I have an numpy array of size
arr.size = (200, 600, 20). 
I want to compute scipy.stats.kendalltau on every pairwise combination of the last two dimensions. For example:
kendalltau(arr[:, 0, 0], arr[:, 1, 0])
kendalltau(arr[:, 0, 0], arr[:, 1, 1])
kendalltau(arr[:, 0, 0], arr[:, 1, 2])
...
kendalltau(arr[:, 0, 0], arr[:, 2, 0])
kendalltau(arr[:, 0, 0], arr[:, 2, 1])
kendalltau(arr[:, 0, 0], arr[:, 2, 2])
...
...
kendalltau(arr[:, 598, 20], arr[:, 599, 20])
such that I cover all combinations of arr[:, i, xi] with arr[:, j, xj] with i < j and xi in [0,20), xj in [0, 20). This is (600 choose 2) * 400 individual calculations, but since each takes about 0.002 s on my machine, it shouldn't take much longer than a day with the multiprocessing module. 

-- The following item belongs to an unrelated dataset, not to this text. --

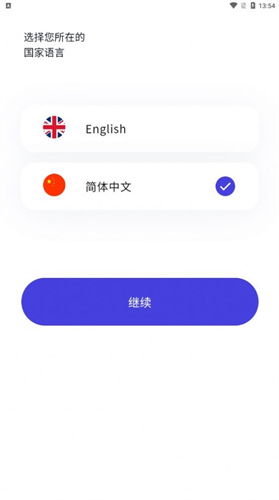 leoǮ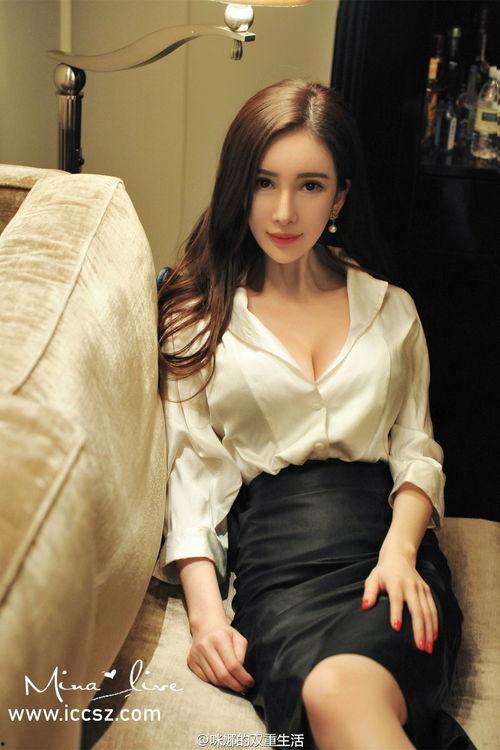 黑料爆料在线吃瓜,在线吃瓜背后的真相与争议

What's the best way to go about iterating over these columns (with i<j)? I figure I should avoid something like
for i in range(600):
    for j in range(i+1, 600):
        for xi in range(20):
            for xj in range(20):
What is the most numpythonic way of doing this?

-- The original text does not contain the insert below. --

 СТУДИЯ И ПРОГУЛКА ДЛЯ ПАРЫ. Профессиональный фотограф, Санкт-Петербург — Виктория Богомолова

Edit: I changed the title since Kendall Tau isn't really important to the question. I realize I could also do something like
import itertools as it
for i, j in it.combinations(xrange(600), 2):
    for xi, xj in product(xrange(20), xrange(20)):
but there's got to be a better, more vectorized way with numpy.